Successful and precise diagnostic analysis of soilborne pathogens depends on many factors, such as the soil sampling procedure and subsequent treatments (drying, milling, sieving, and sample storage), efficient DNA extraction and suitable nucleic acid target sequence to achieve species-specificity. The many sources for non-optimal conditions for this type of molecular diagnosis imply that a careful interpretation of the results is needed. We suggest that soil tests for advisory work on farming practices should be based on different indicative threshold intervals, since the number of cells and thereby DNA in each individual microsclerotium of the two Verticillium species studied here varies substantially. It means that any strict correlation between the amount of DNA per gram soil and number of microsclerotia would be misleading. Cells of V. longisporum contain approximately twice more DNA than V. dahliae (Steventon et al. 2002) which adds to the complexity. A rough estimate based on 50 cells for each individual microsclerotium would equal 1 pg V. dahliae DNA alternatively 2 pg V. longisporum DNA per gram soil, which could be applied as thumb-rules for calculations based on qPCR-based soil analyses. Similarly, quantities below 100 fg DNA per gram soil should be regarded as trace levels. In light of estimations in other countries particularly on V. dahliae, levels above 10 microsclerotia/g soil should lead to serious concerns (Wei et al. 2015). However, economic losses related to different crops cannot be directly compared since there are various degrees of resistance genes introduced in the different crop varieties grown worldwide.
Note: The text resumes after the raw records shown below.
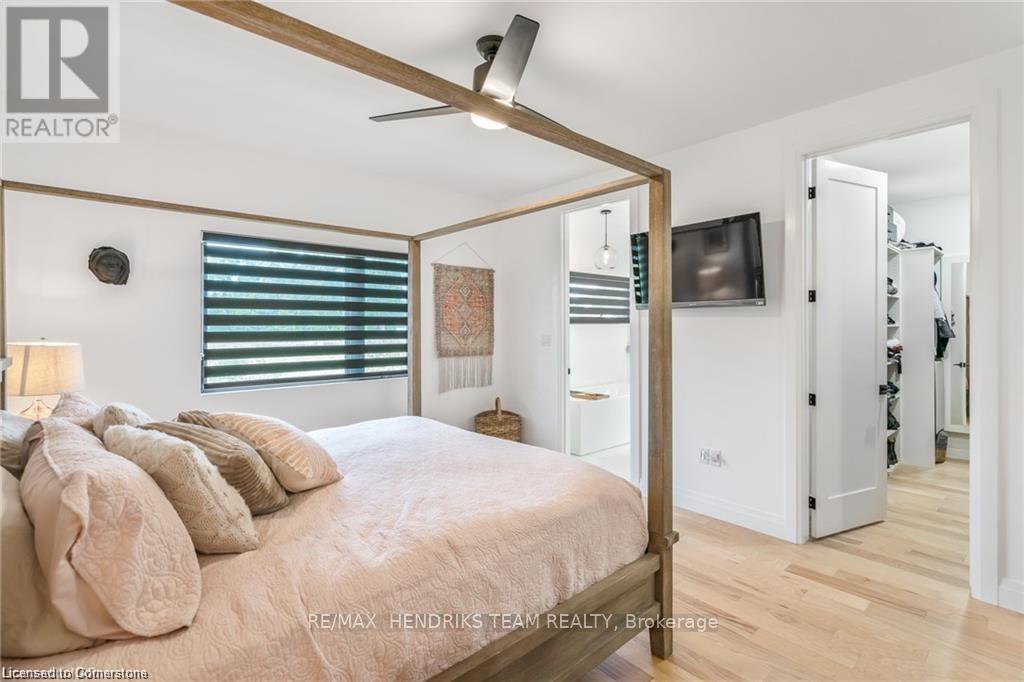 Photo 17 of 1007 Clare Avenue, Pelham ON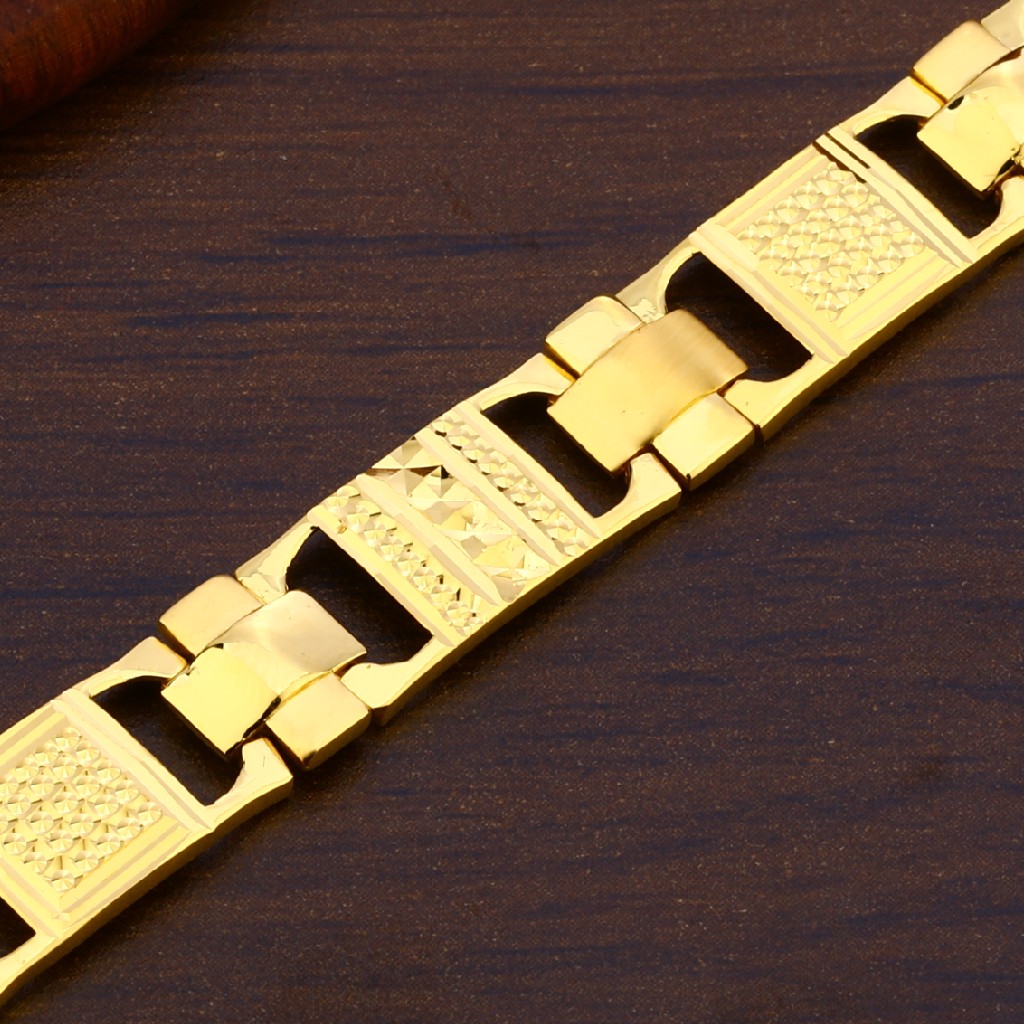 916 Gold Stylish Mens Bracelet MPB200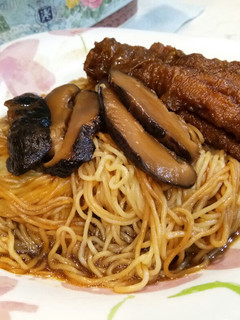 A picture of Mushroom Chicken Feet Noodle.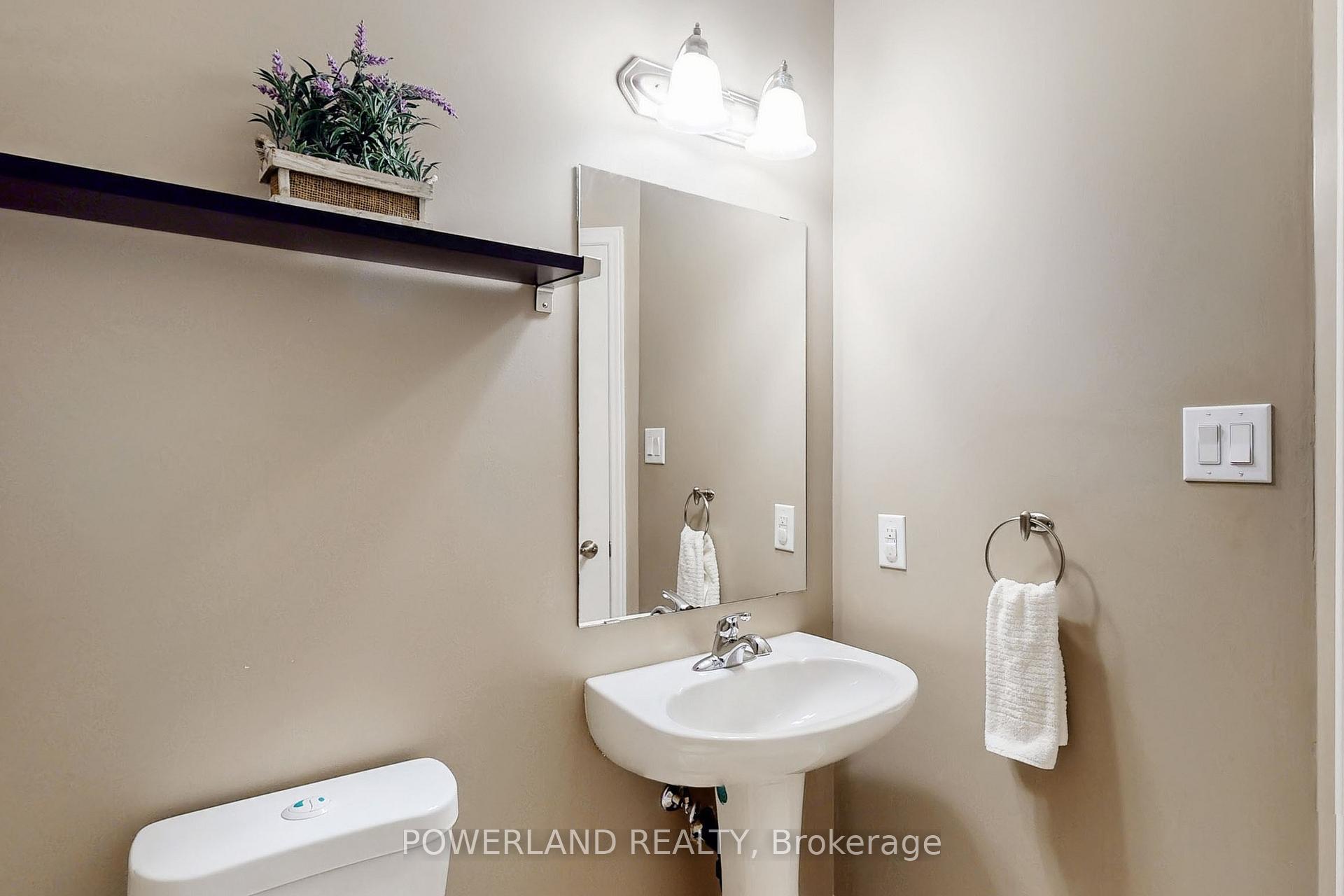 Photo 18 of 111 Spruce Pine Crescent, Vaughan, Patterson — HOMEH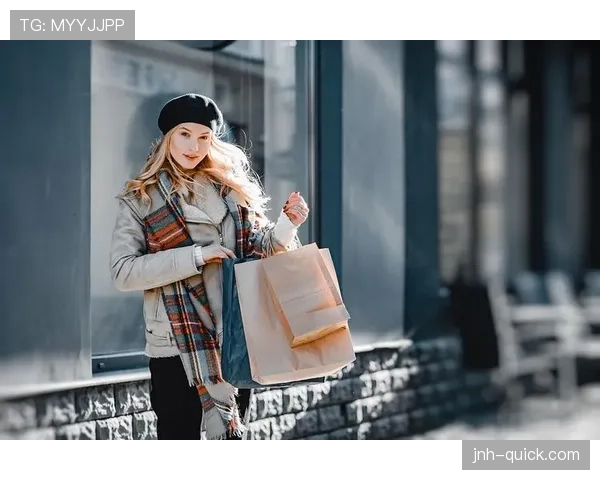 拉莫斯带太太逛街像走红毯，购物袋比我一个月工资还长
Molecular monitoring of presumed infested soils is becoming an increasingly important management tool and analytic commercial services have been established for example to detect the Brassica clubroot pathogen P. brassicae (Wallenhammar et al. 2016). We foresee similar progress comprising other pathogens. In many cases, the same soil sample could be analyzed for the presence of DNA of multiple plant pathogens. Such multi-test would significantly increase the efficiency and at the same time lower the analytic costs for the growers. Proper interpretation of the analytic results and information on the farm history of the soil, the sample is taken from, are keys for implementation of this type of services by advisory groups.